(Beginning of Exercise inputs)

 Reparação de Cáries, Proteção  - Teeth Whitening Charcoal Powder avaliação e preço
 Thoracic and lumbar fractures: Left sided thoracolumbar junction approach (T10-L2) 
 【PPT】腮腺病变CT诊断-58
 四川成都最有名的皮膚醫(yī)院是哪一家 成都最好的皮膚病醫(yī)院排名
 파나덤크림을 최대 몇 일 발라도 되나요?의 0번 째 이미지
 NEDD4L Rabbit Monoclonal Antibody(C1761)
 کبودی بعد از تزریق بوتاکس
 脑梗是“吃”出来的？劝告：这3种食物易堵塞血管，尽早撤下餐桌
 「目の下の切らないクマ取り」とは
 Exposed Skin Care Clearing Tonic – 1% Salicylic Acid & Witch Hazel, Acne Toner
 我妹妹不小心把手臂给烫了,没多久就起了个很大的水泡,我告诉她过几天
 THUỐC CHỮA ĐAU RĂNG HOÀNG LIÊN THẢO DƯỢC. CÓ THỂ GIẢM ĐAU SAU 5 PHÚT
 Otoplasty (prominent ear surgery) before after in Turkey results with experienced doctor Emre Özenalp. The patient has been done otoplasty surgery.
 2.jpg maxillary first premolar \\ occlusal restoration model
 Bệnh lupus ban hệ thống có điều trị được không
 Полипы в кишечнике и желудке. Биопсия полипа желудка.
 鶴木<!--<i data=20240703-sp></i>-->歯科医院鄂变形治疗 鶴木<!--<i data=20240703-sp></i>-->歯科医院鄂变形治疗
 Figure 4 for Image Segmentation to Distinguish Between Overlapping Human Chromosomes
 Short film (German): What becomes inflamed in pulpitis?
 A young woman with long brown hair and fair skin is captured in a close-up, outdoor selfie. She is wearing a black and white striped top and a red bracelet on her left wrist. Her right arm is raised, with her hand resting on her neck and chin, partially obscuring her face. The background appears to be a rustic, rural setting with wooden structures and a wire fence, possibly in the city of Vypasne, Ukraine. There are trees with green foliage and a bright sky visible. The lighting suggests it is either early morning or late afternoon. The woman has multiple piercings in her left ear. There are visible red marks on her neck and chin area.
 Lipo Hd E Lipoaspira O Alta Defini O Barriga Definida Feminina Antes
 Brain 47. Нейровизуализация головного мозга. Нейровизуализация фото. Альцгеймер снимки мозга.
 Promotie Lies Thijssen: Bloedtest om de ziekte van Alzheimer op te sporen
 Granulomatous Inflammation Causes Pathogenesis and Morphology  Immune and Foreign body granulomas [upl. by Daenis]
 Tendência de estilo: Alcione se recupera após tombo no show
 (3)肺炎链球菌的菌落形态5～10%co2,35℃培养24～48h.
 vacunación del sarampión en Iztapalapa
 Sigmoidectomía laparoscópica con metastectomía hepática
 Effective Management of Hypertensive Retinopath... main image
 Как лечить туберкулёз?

(End of Exercise inputs)

> Work required
Retype only this portion of the data above: the line containing "四川成都最有名的皮膚醫(yī)院是哪一家 成都最好的皮膚病醫(yī)院排名", the line containing "Exposed Skin Care", and all lines between them, exactly.

> Task result
 四川成都最有名的皮膚醫(yī)院是哪一家 成都最好的皮膚病醫(yī)院排名
 파나덤크림을 최대 몇 일 발라도 되나요?의 0번 째 이미지
 NEDD4L Rabbit Monoclonal Antibody(C1761)
 کبودی بعد از تزریق بوتاکس
 脑梗是“吃”出来的？劝告：这3种食物易堵塞血管，尽早撤下餐桌
 「目の下の切らないクマ取り」とは
 Exposed Skin Care Clearing Tonic – 1% Salicylic Acid & Witch Hazel, Acne Toner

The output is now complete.